Conventional wisdom often points to target-date funds (TDFs) as a straightforward solution for retirement savings. However, a recent study indicates a notable shift in preference among affluent investors as they approach retirement. The 2025 Retirement Survey by Allspring Global Investments found that a substantial 84% of wealthy investors, those with at least $200,000 in household investable assets, opt for other investment avenues rather than relying solely on TDFs. This divergence suggests that as individuals accumulate more wealth and draw closer to their retirement years, the generalized, set-it-and-forget-it nature of TDFs becomes less appealing, replaced by a desire for more nuanced and personalized financial strategies.
Target-date funds are designed to simplify retirement planning by automatically adjusting asset allocation, shifting from higher-risk investments to more conservative ones as the target retirement date nears. While this 'one-size-fits-all' approach can be highly beneficial for younger investors, providing a hands-off method to save, it appears to lose its luster for those with greater financial resources and more complex financial pictures. These wealthier individuals often find that their unique circumstances, particularly concerning tax management and diversified asset portfolios, are not adequately addressed by the standardized structure of TDFs.
Nate Miles, head of retirement at Allspring, highlights that affluent individuals nearing retirement often face distinct financial challenges that differ significantly from the typical investor profile for whom TDFs are primarily designed. A prime example is tax management. Many high-income earners, especially W-2 employees, are accustomed to taxes being automatically deducted from their paychecks throughout their careers. Consequently, they may not have actively managed their tax burden beyond basic deductions. Upon retirement, this can lead to an unexpected complexity: navigating which accounts to withdraw from to minimize tax liabilities.
The survey underscores this point, revealing that only 53% of retirees prioritize tax status in their withdrawal decisions, despite the fact that a strategically planned, tax-efficient withdrawal strategy can profoundly influence long-term retirement outcomes. This lack of active tax planning knowledge, coupled with the automated nature of TDFs, can leave wealthier retirees unprepared for critical financial decisions. The sheer number of choices—from determining monthly or annual income needs based on life expectancy and investment returns, to deciding the optimal sequence of drawing from taxable, tax-deferred, and tax-exempt accounts—can be overwhelming.
Miles emphasizes that as individuals age and their financial portfolios grow, their personal circumstances and financial goals become increasingly distinct. This growing individuality necessitates retirement strategies that are tailored to their specific needs, rather than generic models. The varied financial situations of each investor mean that a universal approach, while convenient, ultimately falls short in optimizing their retirement outcomes.

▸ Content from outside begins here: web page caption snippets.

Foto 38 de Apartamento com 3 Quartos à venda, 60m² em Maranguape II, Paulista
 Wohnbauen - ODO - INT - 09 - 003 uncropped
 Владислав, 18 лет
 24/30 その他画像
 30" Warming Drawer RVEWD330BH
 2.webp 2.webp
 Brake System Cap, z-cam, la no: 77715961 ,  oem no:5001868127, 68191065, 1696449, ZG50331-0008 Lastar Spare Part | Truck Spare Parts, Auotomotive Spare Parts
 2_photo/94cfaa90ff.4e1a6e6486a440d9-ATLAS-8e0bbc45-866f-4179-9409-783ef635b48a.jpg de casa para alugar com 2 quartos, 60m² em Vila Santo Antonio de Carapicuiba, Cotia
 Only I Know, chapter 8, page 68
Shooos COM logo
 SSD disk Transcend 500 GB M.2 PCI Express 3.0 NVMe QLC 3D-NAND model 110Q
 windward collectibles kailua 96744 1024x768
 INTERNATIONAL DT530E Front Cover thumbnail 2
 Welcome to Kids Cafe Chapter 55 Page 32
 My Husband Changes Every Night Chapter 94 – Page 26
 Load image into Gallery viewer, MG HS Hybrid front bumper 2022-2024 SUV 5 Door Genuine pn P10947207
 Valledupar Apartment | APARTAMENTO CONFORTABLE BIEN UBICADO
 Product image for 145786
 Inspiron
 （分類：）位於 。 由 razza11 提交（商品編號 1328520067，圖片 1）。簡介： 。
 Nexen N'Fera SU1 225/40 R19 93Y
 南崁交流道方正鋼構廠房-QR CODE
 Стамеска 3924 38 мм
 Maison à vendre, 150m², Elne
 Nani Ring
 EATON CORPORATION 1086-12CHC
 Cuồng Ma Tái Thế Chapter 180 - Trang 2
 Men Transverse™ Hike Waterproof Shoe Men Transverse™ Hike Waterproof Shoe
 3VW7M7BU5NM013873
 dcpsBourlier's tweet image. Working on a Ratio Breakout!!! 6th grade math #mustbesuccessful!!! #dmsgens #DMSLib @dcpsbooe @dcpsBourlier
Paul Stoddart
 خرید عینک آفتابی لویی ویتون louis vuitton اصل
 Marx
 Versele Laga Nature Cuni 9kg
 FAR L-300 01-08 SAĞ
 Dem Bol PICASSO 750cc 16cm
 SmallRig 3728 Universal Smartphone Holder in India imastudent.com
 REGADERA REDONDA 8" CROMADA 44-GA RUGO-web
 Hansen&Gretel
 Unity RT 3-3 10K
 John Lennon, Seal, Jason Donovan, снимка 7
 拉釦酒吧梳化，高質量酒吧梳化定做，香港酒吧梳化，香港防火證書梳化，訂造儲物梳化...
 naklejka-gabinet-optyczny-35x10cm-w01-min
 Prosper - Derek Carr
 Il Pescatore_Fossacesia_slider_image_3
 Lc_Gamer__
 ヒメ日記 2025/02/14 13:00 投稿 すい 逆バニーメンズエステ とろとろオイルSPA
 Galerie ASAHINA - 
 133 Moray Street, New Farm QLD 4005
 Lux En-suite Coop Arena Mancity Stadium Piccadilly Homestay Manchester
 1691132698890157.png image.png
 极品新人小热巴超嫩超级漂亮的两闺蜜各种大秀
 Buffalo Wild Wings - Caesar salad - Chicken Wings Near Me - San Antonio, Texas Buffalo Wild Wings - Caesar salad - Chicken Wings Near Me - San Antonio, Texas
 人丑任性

For those approaching or in retirement, Miles suggests adopting strategies employed by wealthier investors to navigate their financial journey more effectively. This involves a more active and informed approach to managing retirement funds. Key recommendations include prioritizing withdrawals from taxable accounts first, allowing tax-deferred and tax-free savings to continue growing. Considering a Roth conversion is another astute move, as transferring funds from a traditional IRA to a Roth IRA now could lead to significant tax savings in the future. Additionally, meticulously planning the order of withdrawals from different account types is crucial; making an ill-informed decision can result in substantial and avoidable tax expenses.
For individuals still years away from retirement, the playbook of affluent investors offers valuable lessons in proactive financial management. It's advisable to maximize contributions across a variety of account types beyond just a 401(k), exploring options like backdoor Roth IRAs, Health Savings Accounts (HSAs), and even taxable brokerage accounts. Moreover, diversifying investments beyond traditional stocks and bonds is crucial. Wealthier investors often blend tax-efficient holdings such as index funds and exchange-traded funds with alternative investments like real estate investment trusts (REITs) and actively managed funds. This blended approach aims to balance growth potential with strategic tax planning, ensuring a robust and flexible retirement portfolio.